Oh, and @EvanAnderson - you might want to take a look at the Windows Sybsystem for Linux (WSL) - which allows you to run unmodified ELF64 Linux binaries directly on Windows:

https://blogs.msdn.microsoft.com/commandline/2016/06/02/lear...


They already emulate a Linux kernel, in recent Windows 10 releases: https://msdn.microsoft.com/commandline/wsl/about


The NT kernel was always heavily modelled after the unices of the time (but avoided quite some flaws from the get-go, and of course had quite a lot of differences as well due to that and other necessities, like the driver API).


I thought it was more DEC-ish (VMS?).


It is, Cutler famously hated Unix.


This is just a policy change. No new features.


I never thought I'd see the day. Now, if only they'd get * in filenames right, I'd be able to check out all of my git repos on a Windows system.


mklink FFS? Even tho cmd.exe is not default shell any more.

I can't understand such a big failure!
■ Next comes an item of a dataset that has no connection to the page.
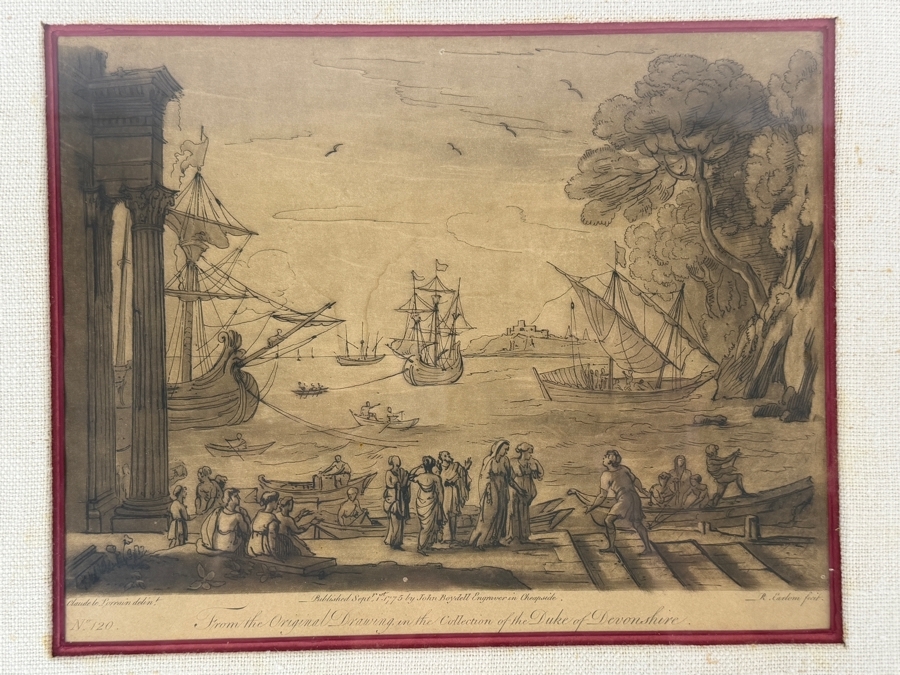 Antique Etching and Mezzotint Print Titled 'Harbour View with Embarkation of Saint Paula' Engraved by Richard Earlom After a Drawing by Claude Lorrain Published in 1775 10 X 8 Framed 18.5 X 14.5 [Photo 4]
What ? This thing was hard to do ? https://learn-powershell.net/2013/07/16/creating-a-symbolic-...


Please tell me this is going to make my Vagrant issues go away...


ln -s

a generation ... goes by ... and we get

mklink

but still no hard links and no use-counted file system. Haven't the Bell Labs patents expired by now?



isn't this documentation a bit dated?

AFAIK as of Win10 hard and soft links exist, and also junctions, which are a third, similar but different concept.


Isn't that exactly what the documentation says? I mentions directory junctions, hard links and symlinks.

Mind you, hard links and directory junctions have existed for quite a while (going back at least to Windows 2000). Symlinks have been added in Vista.


Not really, they were added to NTFS in XP times, see my previous post.

https://news.ycombinator.com/item?id=13095172


"Those who do not understand Unix are condemned to reinvent it, poorly."


Those who do understand it, just use it and ignore everyone else.


windows has hard links.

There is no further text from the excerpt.